Fato é que estando Tita um dia a vaguear pela rua - nesse tempo a grande maioria das ruas dos bairros eram de terra e as casas tinham cercas - a menina viu um raminho de flores que tremulava ao vento. O colorido da flor lhe despertou o desejo de possuí-la. Tita não via mal algum em pegar as flores, todavia elas se encontravam do lado de dentro da cerca, e lá bem no fundinho da consciência inconsciente sabia que elas pertenciam a alguém e para tê-las era necessário pedi-las. 
Num ímpeto de vontade, encorajada pela incerteza de estar ou não cometendo uma infração, a nossa pequena esticou as perninhas, espichou as mãozinhas e alcançou as flores. Talvez fossem até Marias-sem-vergonha, daquelas que nascem sem ninguém plantar no canto das cercas.

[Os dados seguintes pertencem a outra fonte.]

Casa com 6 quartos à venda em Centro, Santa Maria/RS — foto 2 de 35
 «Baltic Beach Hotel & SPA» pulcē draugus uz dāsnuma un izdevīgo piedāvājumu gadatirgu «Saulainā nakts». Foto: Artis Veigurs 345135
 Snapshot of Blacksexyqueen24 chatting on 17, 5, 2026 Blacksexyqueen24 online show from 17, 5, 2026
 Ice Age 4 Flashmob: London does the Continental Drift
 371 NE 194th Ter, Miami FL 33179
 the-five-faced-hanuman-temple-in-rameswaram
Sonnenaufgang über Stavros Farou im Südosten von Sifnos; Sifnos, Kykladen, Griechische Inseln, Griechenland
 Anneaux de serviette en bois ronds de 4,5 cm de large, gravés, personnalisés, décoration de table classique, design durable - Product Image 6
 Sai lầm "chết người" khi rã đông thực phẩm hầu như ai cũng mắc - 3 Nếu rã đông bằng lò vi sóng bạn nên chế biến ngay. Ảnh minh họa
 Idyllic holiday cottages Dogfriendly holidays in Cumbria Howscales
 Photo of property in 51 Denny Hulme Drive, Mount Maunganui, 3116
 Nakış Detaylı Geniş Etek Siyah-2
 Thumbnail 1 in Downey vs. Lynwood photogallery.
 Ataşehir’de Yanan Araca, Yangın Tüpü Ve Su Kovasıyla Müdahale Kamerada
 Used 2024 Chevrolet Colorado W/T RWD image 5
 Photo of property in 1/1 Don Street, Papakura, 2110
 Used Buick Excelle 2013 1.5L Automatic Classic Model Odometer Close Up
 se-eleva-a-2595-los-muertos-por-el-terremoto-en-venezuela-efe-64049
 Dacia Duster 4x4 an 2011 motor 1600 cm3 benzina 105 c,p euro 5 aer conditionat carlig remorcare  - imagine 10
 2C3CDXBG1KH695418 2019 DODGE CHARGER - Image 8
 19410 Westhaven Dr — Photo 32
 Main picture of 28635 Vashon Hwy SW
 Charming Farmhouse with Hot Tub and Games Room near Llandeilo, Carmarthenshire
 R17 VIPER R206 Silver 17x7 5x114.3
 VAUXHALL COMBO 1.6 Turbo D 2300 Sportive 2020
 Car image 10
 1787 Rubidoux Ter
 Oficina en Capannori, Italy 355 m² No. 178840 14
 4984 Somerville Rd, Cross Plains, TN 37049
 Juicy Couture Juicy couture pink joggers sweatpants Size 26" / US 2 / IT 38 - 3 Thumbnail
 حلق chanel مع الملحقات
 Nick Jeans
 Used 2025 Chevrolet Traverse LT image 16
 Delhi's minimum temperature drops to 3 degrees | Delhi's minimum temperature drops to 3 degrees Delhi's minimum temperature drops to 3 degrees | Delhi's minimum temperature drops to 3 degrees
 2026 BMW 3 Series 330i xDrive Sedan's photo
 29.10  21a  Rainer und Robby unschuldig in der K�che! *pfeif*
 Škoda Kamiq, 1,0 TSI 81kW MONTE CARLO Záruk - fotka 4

Pegou a flor, sentiu toda a maciez na palma da sua mãozinha, foi invadida pela alegria que as coisas belas e simples trazem às pessoas, em especial às crianças. Só então percebeu a vinda de um homem, vestido no traje cáqui, montado em uma bicicleta, daquelas calangas antigas. É preciso explicar ao leitor que Tita vivia em uma época que polícia não tinha tanto trabalho como hoje; que viatura, se é que existia, era na cidade grande; e que carteiro não vestia amarelo e sim cáqui, quase do tom dos soldados.
Bastou ver o homem, que as perninhas da Tita tremeram: pronto pegaram-lhe em pleno delito! para ser mais preciso: roubo. Isso correspondia a no mínimo cem anos de cadeia - coisas da cabeça de Tita.
É preciso dizer que nessa época crianças não sabiam de direitos, nem de órgãos protetores de menores, nem sabiam que no Brasil quanto menor for o valor do objeto roubado, mais propenso à prisão ficará o bandido. Sendo assim a nossa menina inocente pôs-se a correr, corria e olhava pra trás, só para certificar-se da perseguição implacável da suposta “polícia”. Qual não teria sido a visão do carteiro que desconhecia a agonia da Tita. Ele viu apenas uma criança correndo a balançar sua sainha de crochê ao vento. Estaria feliz, afinal criança vive em estado de felicidade, ao menos era o que presumia o carteiro.
Ela correu até que saiu da visão do carteiro, ele a viu dobrar a esquina. Entretanto na cabeça dela a cena foi outra, antes de dobrar a esquina passara por um longo período de perseguição policial. Ah, aquela bicicleta voadora vindo em sua direção... como as bicicletas podiam ser tão rápidas? Mas assim que virou a esquina e cruzou o portão de casa a menina suspirou aliviada, tudo ficara para trás. Suas ofensas à lei teriam sido perdoadas? Quem sabe ela tivesse burlado a lei e conseguido escapar impune? E se o suposto perseguidor viesse reclamar mais tarde?
Indagações a parte, a realidade é que Tita sentiu pela primeira vez duas grandes sensações em fração de segundos: medo da condenação e alívio pela fuga.
Tita cresceu, o carteiro morreu, a polícia mudou, os crimes mudaram, as crianças mudaram, a lei mudou, a cerca deu lugar ao muro, as flores ao concreto, a terra da rua ao asfalto; tudo é diferente, mas parece que lá bem no fundo Tita ainda carrega a alma amedrontada por ameaças que as vezes nem ela mesmo sabe se são reais ou não. Quem sabe não seja mais um carteiro confundido com policia e o empréstimo de uma flor confundido com um roubo?